At long baselines, ionospheric and tropospheric errors between the reference station and your rover diverge. The corrections from the distant station no longer accurately describe the atmosphere at your location — making it impossible for the receiver to resolve the integer ambiguities with confidence. The receiver stays in Float because it cannot find a consistent integer solution.

• 1
  Switch to the VRS mountpoint. This is the most effective single change you can make. VRS generates a virtual reference station 1–2 km from you, making the effective baseline trivially short. Enable GGA in your client and connect to RTCM3_NL_VRS.
• 2
  Check the sourcetable distance. In your NTRIP client, load the source table and check how far the nearest physical station is. If it is over 25 km, VRS is always the better choice.
• 3
  Use a dual-frequency (multi-band) receiver. Single-frequency receivers are limited to around 10 km baselines before ionospheric errors prevent Fix. If you have a single-frequency receiver working at 30+ km, Fix is very unlikely without VRS.

The ionosphere delays satellite signals by an amount that varies with solar activity. During geomagnetic storms and solar maximum periods, ionospheric delays can change rapidly — making it impossible for the RTK engine to resolve ambiguities, even with short baselines and good sky conditions. This cause is seasonal and time-of-day dependent: midday near the solar maximum is the worst window.

• 1
  Work early morning or evening. Ionospheric activity is typically lowest within the first 2 hours after sunrise and in the evening. If Fix is persistently unavailable at midday, try early morning.
• 2
  Switch to VRS. VRS applies network-wide ionospheric modelling, which partially compensates for elevated ionospheric noise. VRS corrections are better than single-station corrections during disturbed conditions.
• 3
  Check space weather. The NOAA Space Weather Prediction Center publishes real-time geomagnetic storm alerts. A Kp index above 5 often causes RTK problems even with perfect setups. If a solar storm is active, postponing fieldwork until it passes is the most reliable solution.
• 4
  Use a triple-frequency receiver. L5 signals are more robust to ionospheric noise than L1/L2. Receivers that can process L5 (such as Emlid RS3, RS4 and high-end Trimble/Leica) maintain Fix in conditions where dual-frequency receivers cannot.

Default receiver settings are designed to be safe in the widest possible range of conditions. In challenging environments, these defaults can be too conservative — preventing Fix even when it would be achievable with a small settings adjustment.

• 1
  Switch ambiguity resolution to Fix-and-hold (Emlid / RTKLIB). Continuous mode re-initialises at every uncertainty.
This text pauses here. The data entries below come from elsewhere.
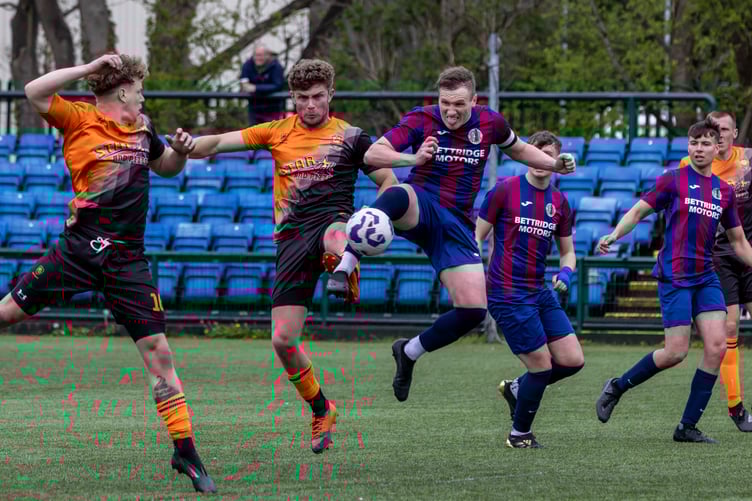 Foxdale captain Scott Kermeen (right) and Ayre's Shaun Kelly acrobatically challenge for an aerial ball during the ECAP FA Cup final (Photo: Gary Weightman)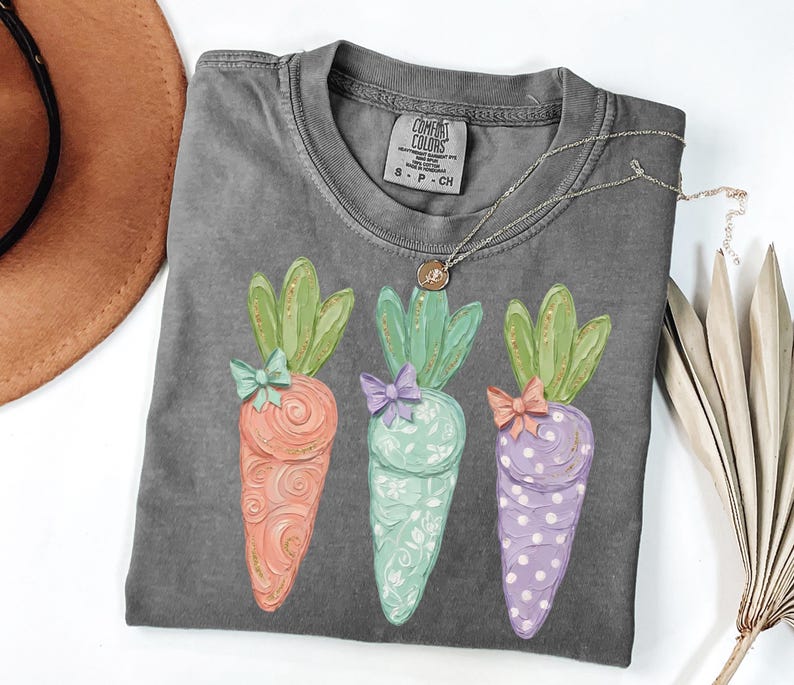 May include: A gray Comfort Colors t-shirt featuring three colorful carrot designs. Each carrot has a different color and pattern, with green tops and bows. A silver necklace with a pendant is draped across the shirt.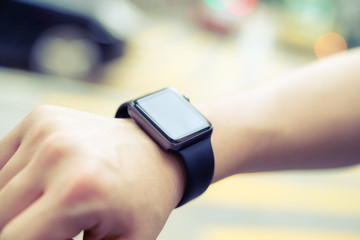 Man using smart watch at outdoor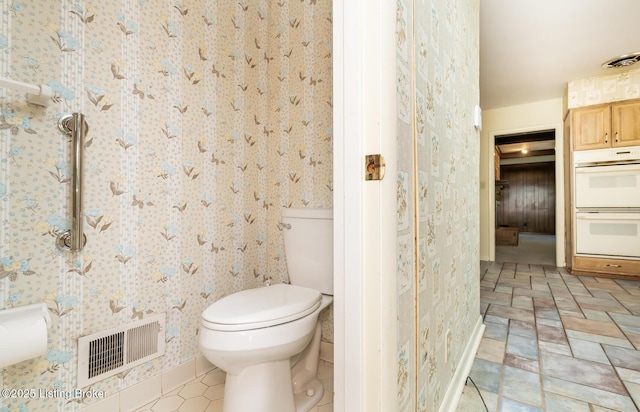 606 N Arbor Dr, Louisville, KY 40223 - bathroom with toilet and wallpapered walls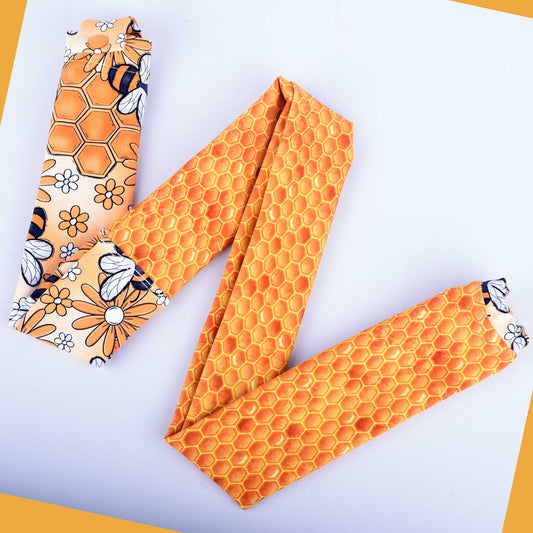 Busy Bees stethoscope cover featuring yellow honeybees and white flowers on stretchy cotton fabric.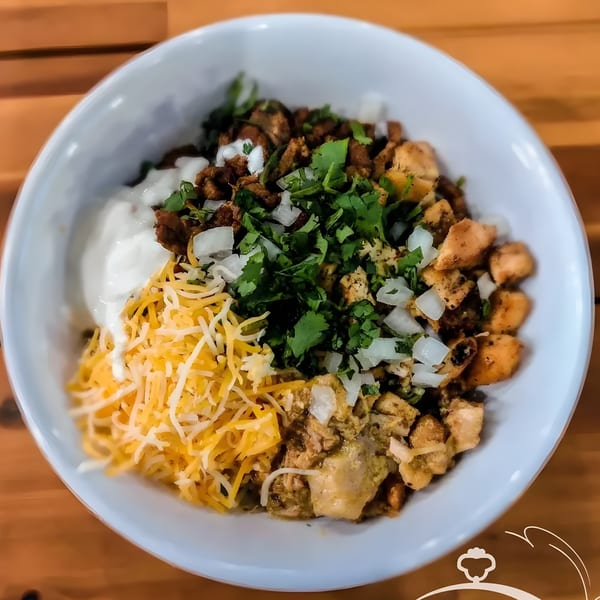 A Mexican bowl with meat, cheese, sour cream, cilantro, and onions on a wooden table.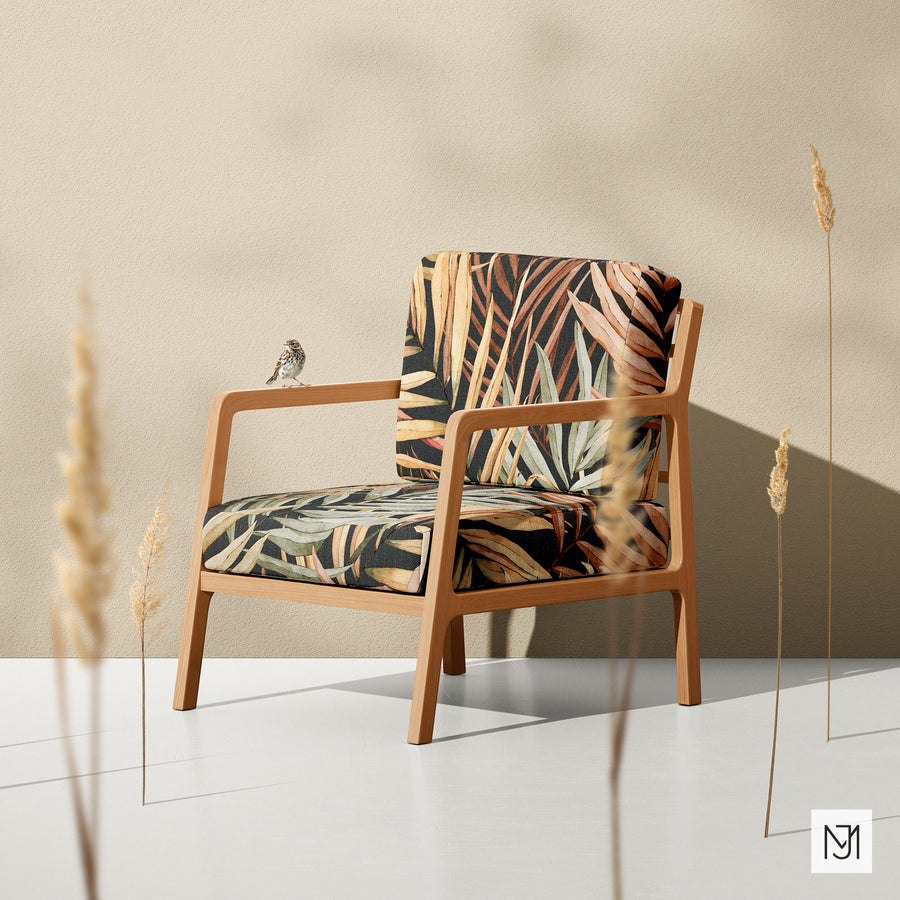 Tropical Leaves pattern upholstered on a wood-framed armchair in a dark navy colorway, with a small bird perched on the armrest.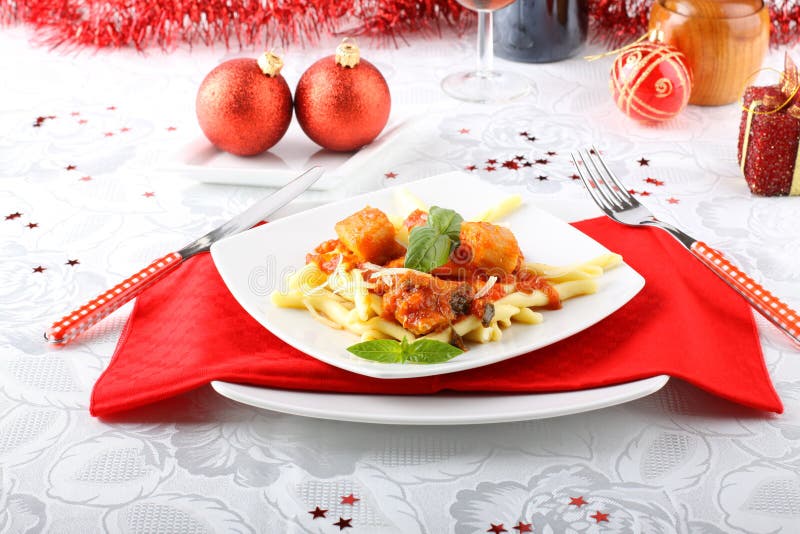 Fresh pasta with pork rind, tomato and basil royalty free stock images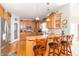 Modern kitchen with stainless steel appliances, granite countertops, and breakfast bar with barstool seating at 1115 Morningside Ct, Greenfield, IN 46140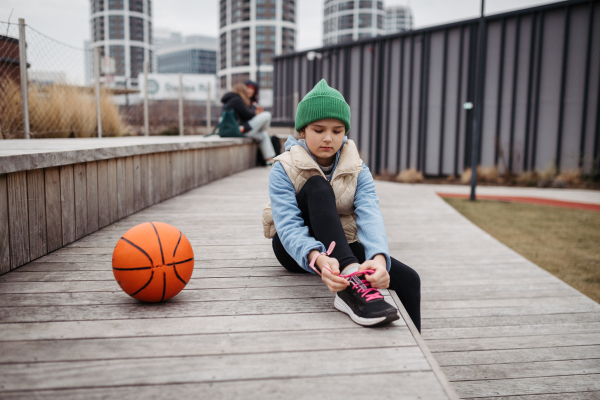 Girl in the city going to play basketball. Young girl spending a free time doing sport, enjoying after schoold outdoor activity.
Fix-and-hold commits to an integer solution and maintains it through brief disturbances — far more practical in the field.
• 2
  Enable all constellations. GPS alone gives 8–12 satellites. GPS + GLONASS + Galileo + BeiDou gives 30–50+. More satellites means more redundancy and faster, more confident ambiguity resolution.
• 3
  Reduce update rate to 1–5 Hz. Running at 10 or 20 Hz in a weak environment processes more noise. Dropping to 5 Hz or 1 Hz gives the RTK engine more signal averaging time per epoch, which can tip Float into Fix.
• 4
  Set minimum elevation mask to 10°. Higher masks exclude useful satellites. In open sky, 10° gives the receiver more diverse satellite geometry without significant multipath risk.